Apple Datenschutzinitiative: Das Aboalarm-Fazit

Grundsätzlich ist es ein guter Schritt von Apple, das Thema Datenschutz transparenter machen zu wollen und die Anzahl an Behördenanfragen zu veröffentlichen. Außerdem wird deutlich gemacht, dass Apple sein Geld aus dem Harware-Verkauf erwirtschaftet und nicht durch das Sammeln von Nutzerdaten. Ein Schritt, der wohl besonders Vertrauen für die immer umfänglicheren Funkionen der Apple-Produkte schaffen soll. Mit der App Health können immerhin wichtige Gesundheitsdaten auf dem iPhone gespeichert werden und die iWatch kann sogar den Herzschlag des Trägers ablesen.

Allerdings solltest du nicht vergessen, dass auch Apple ein Werbenetzwerk namens iAd betreibt, das Entwicklern das Bereitstellen von kostenlosen Apps ermöglichen soll.
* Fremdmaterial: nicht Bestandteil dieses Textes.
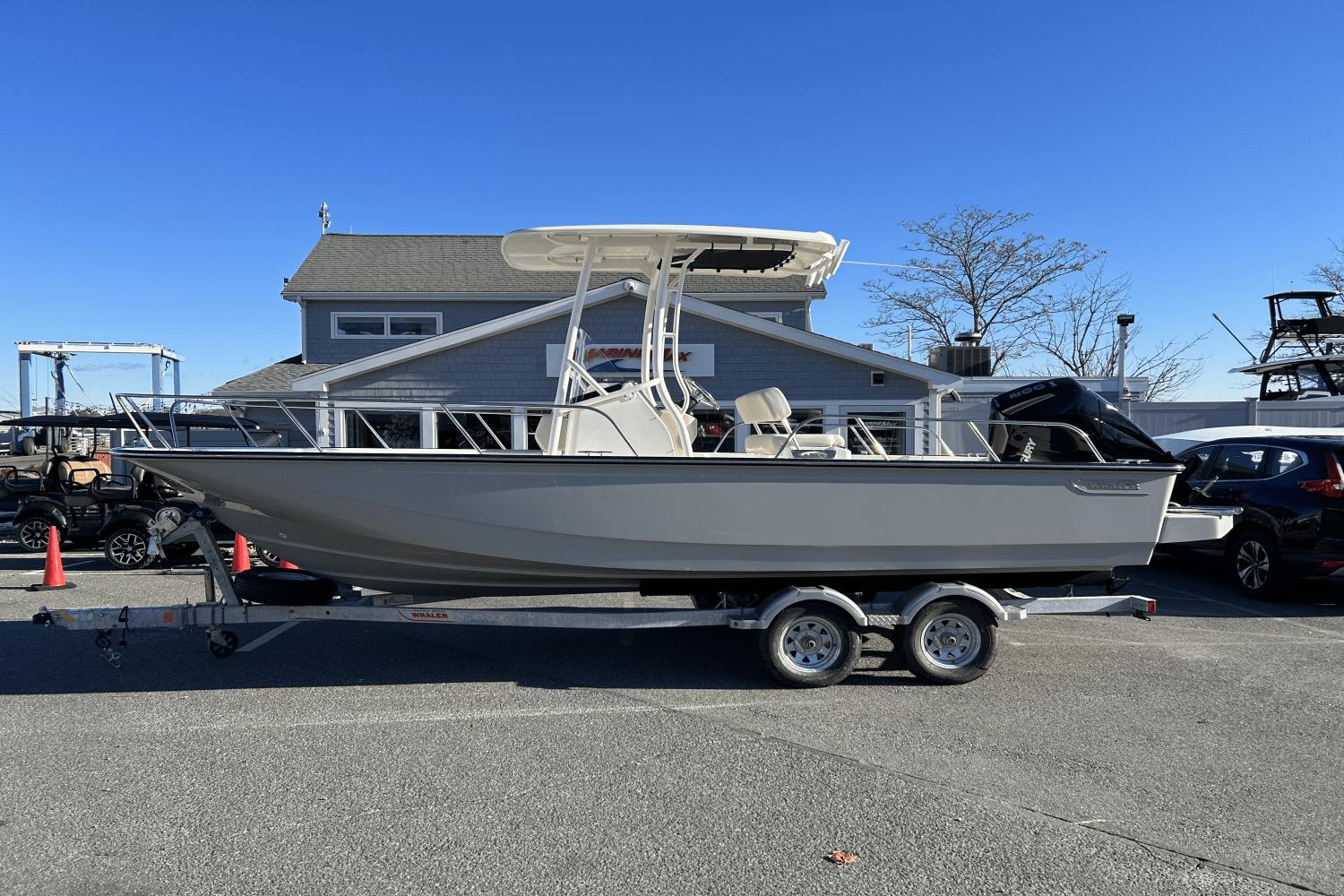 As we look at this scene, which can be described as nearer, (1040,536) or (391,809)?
(391,809)

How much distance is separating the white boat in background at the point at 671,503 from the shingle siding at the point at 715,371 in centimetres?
830

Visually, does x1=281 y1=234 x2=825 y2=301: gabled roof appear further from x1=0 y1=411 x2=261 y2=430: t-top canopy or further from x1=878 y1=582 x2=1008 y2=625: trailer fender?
x1=878 y1=582 x2=1008 y2=625: trailer fender

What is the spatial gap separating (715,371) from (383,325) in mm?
7049

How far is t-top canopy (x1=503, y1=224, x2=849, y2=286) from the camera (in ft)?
17.7

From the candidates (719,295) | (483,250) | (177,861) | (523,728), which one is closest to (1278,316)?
(719,295)

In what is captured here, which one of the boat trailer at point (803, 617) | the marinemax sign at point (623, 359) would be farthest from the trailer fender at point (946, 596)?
the marinemax sign at point (623, 359)

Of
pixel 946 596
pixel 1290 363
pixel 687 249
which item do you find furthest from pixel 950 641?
pixel 1290 363

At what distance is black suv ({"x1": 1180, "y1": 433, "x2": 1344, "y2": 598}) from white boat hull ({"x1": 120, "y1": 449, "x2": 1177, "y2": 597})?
6.91ft

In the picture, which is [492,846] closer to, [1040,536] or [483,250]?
[1040,536]

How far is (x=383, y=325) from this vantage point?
17016 mm

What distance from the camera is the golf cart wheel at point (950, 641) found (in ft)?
17.1

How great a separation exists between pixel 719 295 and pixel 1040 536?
458 inches

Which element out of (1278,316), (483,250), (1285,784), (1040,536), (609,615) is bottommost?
(1285,784)

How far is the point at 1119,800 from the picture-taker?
143 inches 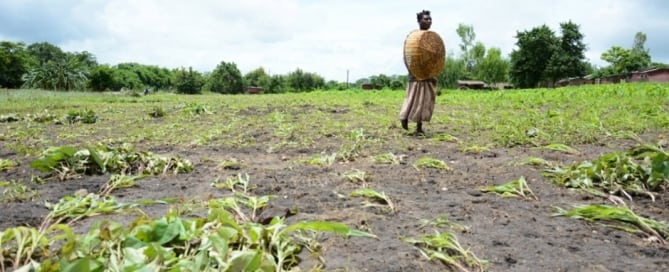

Die dort vorgeschlagenen Apps basieren auf deinen bisher genutzten Apps. Tim Cook betont jedoch, dass die Daten von Health, Maps, Siri oder iMessage nicht für iAd verwendet werden. Außerdem hast du auch die Möglichkeit, das Ad-Tracking auf deinem iPhone und iPad zu deaktivieren.